In my previous MySQL upgrade experiences I'd encountered some issues with character encoding - basically that the old database didn't have any, and newer versions of MySQL do. Up until now I've always just updated the relevant table definitions by hand, adding in unicode to the SQL and not really thought much about the wider implications. I was delighted to discover that phpMyAdmin 2.9.1.1 has an option on the import page for 'SQL compatibility mode', from which you can select 'MYSQL323', with the result that your old export files will now import without modification. Unfortunately, that's where I ran across the problem in the post title:

Specified key was too long; max key length is 1000 bytes

Some of the indexes in the WackoWiki database schema use a combination of three 250 character varchar columns. Because a unicode character can be up to three bytes long, MySQL tries to reserve the maximum space that could be required for the index - 3 x 250 x 3 bytes - which exceed the maximum allowed. There is an open defect about the issue on the MySQL website, with many comments from various disgruntled users.

I considered changing the keys so they'd fit, but it looked like a dangerous thing to do as far as the operation of WackoWiki was concerned, and I was worried I'd end up knee deep in PHP trying to fix all the problems. One of the comments on the bug report did guide me to the solution - Scott Lane posted that he set the index columns' collation to be latin1 so that it would work as it did on MySQL 3.23. Since the Wiki had been operating quite happily for more than three years on a database with no unicode support I figured I probably didn't have anything to lose by setting the whole database to use latin1_general_ci collation. I recreated the database and tried the import again and everything imported without errors :)

Which brings me to a D'Oh! moment.
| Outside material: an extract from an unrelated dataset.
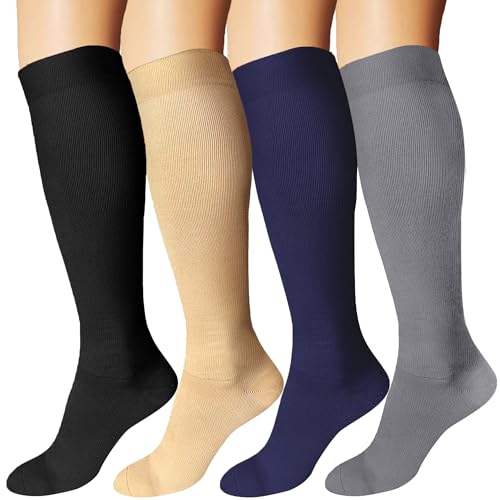 DDOBB 4 Paar Kompressionsstrümpfe Damen und Herren Stützstrümpfe Kompressionssocken Stützsocken Reisestrümpfe für Flug Sport Running Radsport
After some fannying around because the privileges got a bit mixed up with me dropping and recreating databases, I finally got to view our Wiki home page, and it looked very odd. None of the links were links - they all looked something like '??MyPages ==??'. I (correctly) surmised that I'd messed up somewhere with character encoding. At least it didn't take me too long to figure out my own stupid mistake: On the import page in phpMyAdmin, just below the file selection field, there's a 'Character set of the file:' select box which I'd been ignoring. By default this is set to UTF8, except, of course, the SQL file I'd exported from my non-unicode aware MySQL 3.23 database wasn't UTF8. This doesn't matter much for the common characters, because UTF8 and ASCII are compatible for the first 127 character points, but apparently it does matter very much for some of the characters used in WackoWiki markup. I re-imported with my import character set as latin1 and everything worked fine.